Increased BP variability was associated with LV mass and dysfunction, as well as arterial stiffness, suggesting that BP variability may be an important determinant of target organ damage in hypertensive patients.

 Keywords: arterial stiffness, blood pressure, echocardiography

INTRODUCTION

Hypertension has been established to be a risk factor for cardiovascular events due to its effects on target organs. Many studies have indicated that blood pressure (BP) is predicative of cardiovascular morbidity and mortality. 24-hour ambulatory BP monitoring (ABPM) has been shown to provide a more representative estimate of BP level than conventional clinic BP and to be more closely related to target organ damage than office BP.(1-5) In addition, for any given 24-hour average BP, target organ damage might be more pronounced in patients with greater BP variability.(6-10) Therefore, in addition to BP itself, fluctuations in BP may also affect prognosis to some extent, as prior studies have reported.(1,2)

Daytime BP has higher levels and more fluctuation compared with nighttime BP. Systolic BP variability in the daytime has also been reported to be predictive of cardiovascular outcome.(11,12) Hence, we examined if daytime systolic BP variability impacts left ventricular (LV) structure and function as well as arterial stiffness in hypertensive patients.

METHODS

Consecutive hypertensive patients were enrolled from Inha University Hospital, South Korea. All procedures performed in this study were in accordance with the ethical standards of the institutional research committee and with the 1964 Helsinki Declaration and its later amendments or comparable ethical standards. We excluded patients who had atrial fibrillation or significant arrhythmia, LV ejection fraction < 50%, regional wall motion abnormality or significant valvular disease. ABPM, echocardiography and measurements of arterial stiffness were performed, and the relationship among BP variability, echocardiographic parameters and arterial stiffness was assessed.
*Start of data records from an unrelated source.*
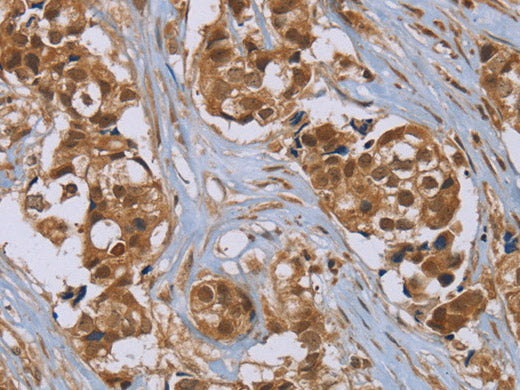 PUS10 Polyclonal Antibody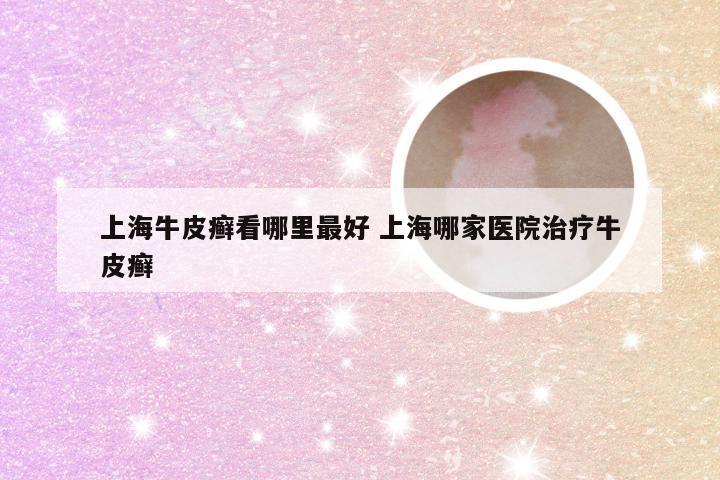 上海牛皮癣看哪里最好 上海哪家医院治疗牛皮癣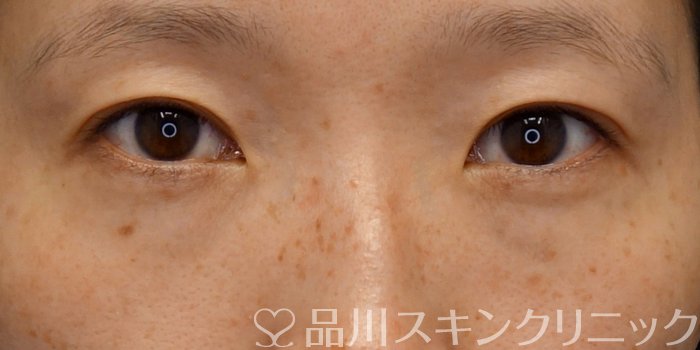 症例NO.73695のBEFORE写真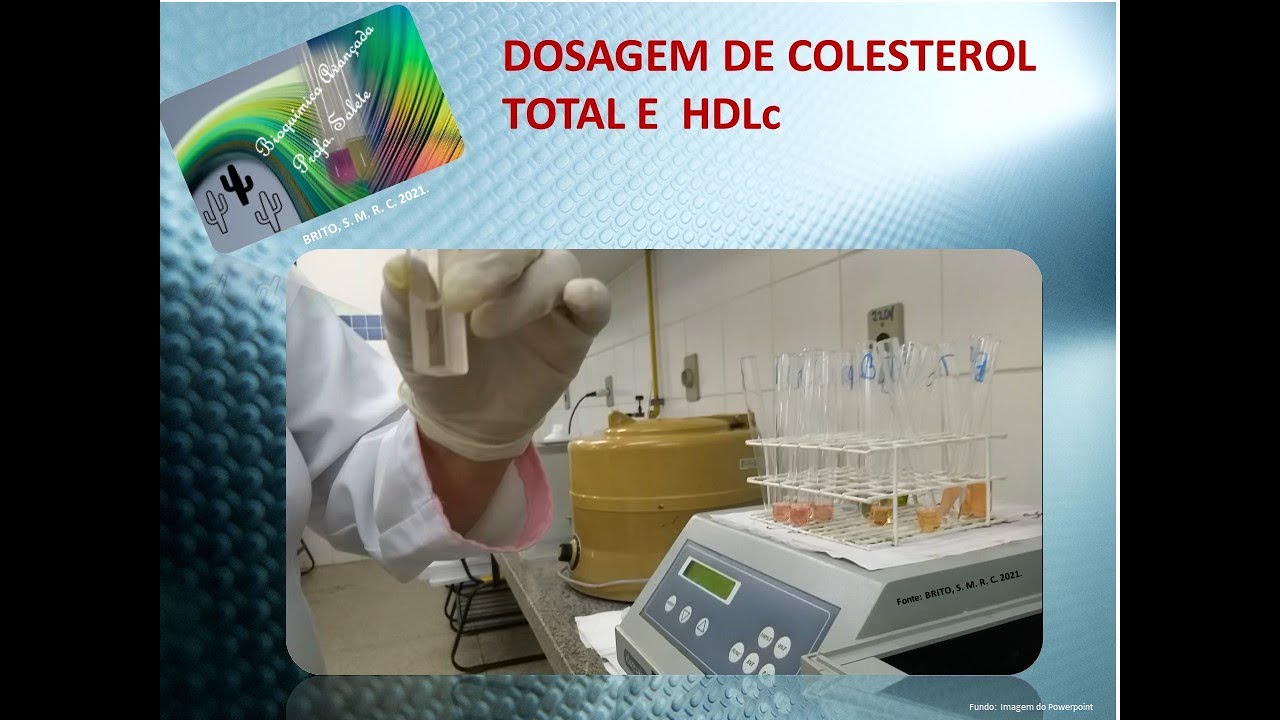 Dosagem de Colesterol total e HDLc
ABPM results were recorded over 24 hours during the patient’s normal daily activities with an autonomic device (ABD-Monitor 90207; Spacelabs, Snoqualmie, WA, USA) that was programmed to obtain the readings at a 30-minute interval during daytime (defined as between 6 am and 12 am) and at a one-hour interval during nighttime (defined as between 12 am and 6 am). The following readings were omitted due to the potential presence of technical artefacts: systolic BP > 250 mmHg or < 70 mmHg, diastolic BP > 200 mmHg or < 40 mmHg, or pulse pressure > 200 mmHg or < 20 mmHg. BP variability was assessed as standard deviations (SDs) of daytime systolic BP (SBP) and diastolic BP (DBP) on the 24-hour ABPM. Nocturnal dipping was defined as a decline in average SBP or DBP at nighttime of more than 10% compared with average daytime BP.(13) Pulse pressure variability was calculated as SDs of pulse pressure on the ABPM.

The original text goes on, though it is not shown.